**What is expected:** The copy should hold exactly the lines below from the one that contains "Embryo, chorionic villi and yolk sac" through the one that contains "Before & After" and nothing else, so no pictures.

--- Entries supplied ---

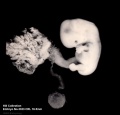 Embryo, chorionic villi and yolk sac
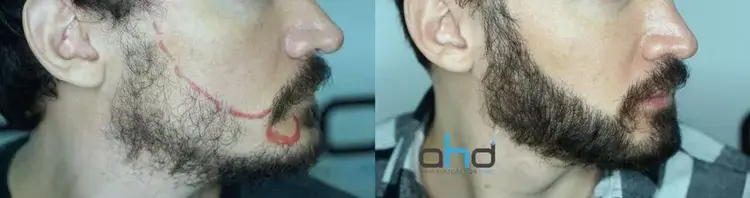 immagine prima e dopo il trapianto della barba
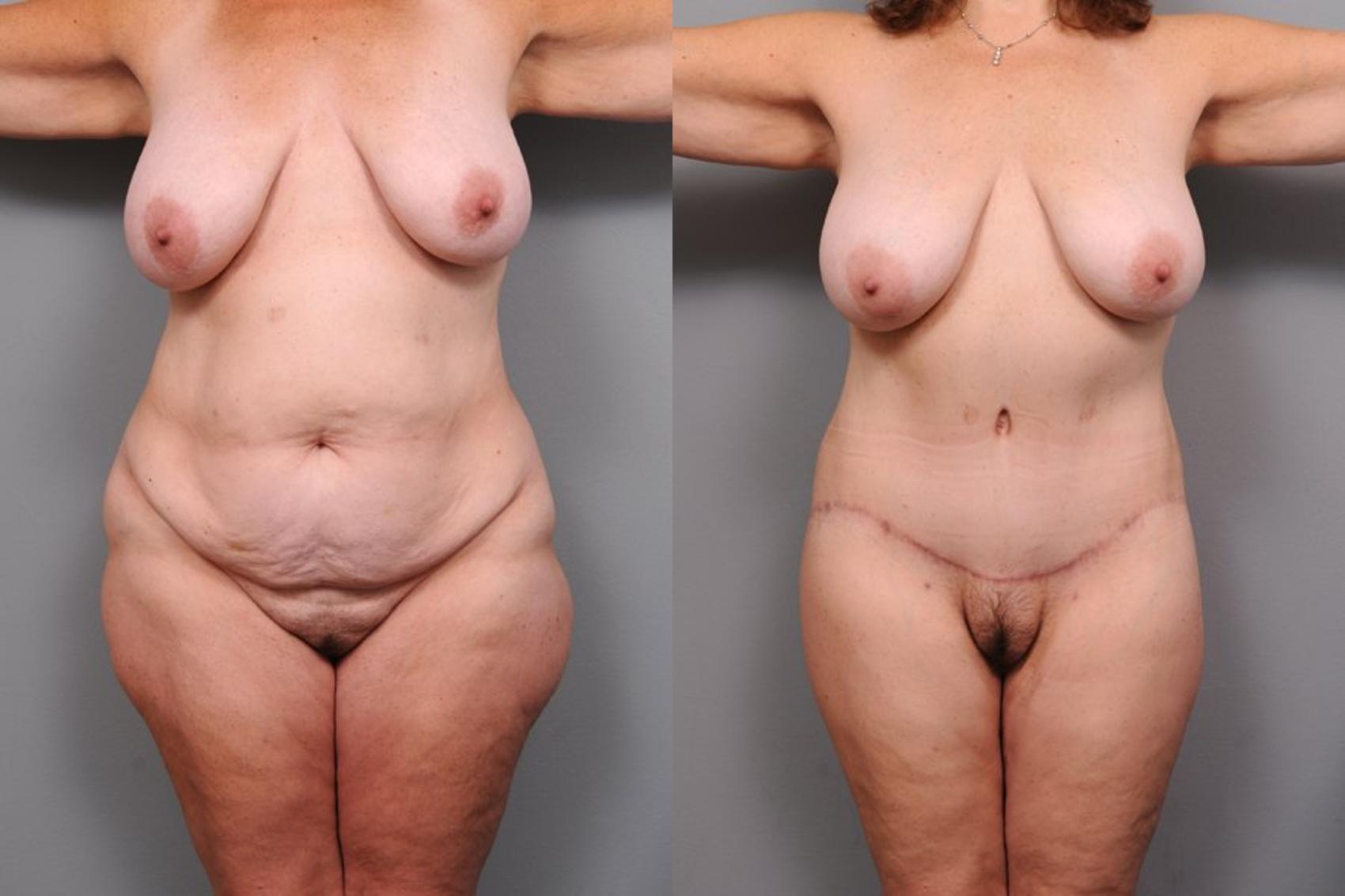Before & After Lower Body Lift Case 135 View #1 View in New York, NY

---
--- Entries supplied ---

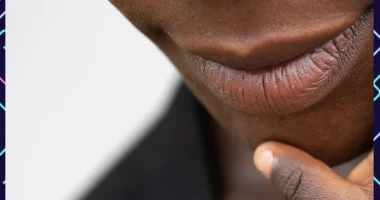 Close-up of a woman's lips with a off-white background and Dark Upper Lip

---

**Answer space:**
 Embryo, chorionic villi and yolk sac
 immagine prima e dopo il trapianto della barba
Before & After Lower Body Lift Case 135 View #1 View in New York, NY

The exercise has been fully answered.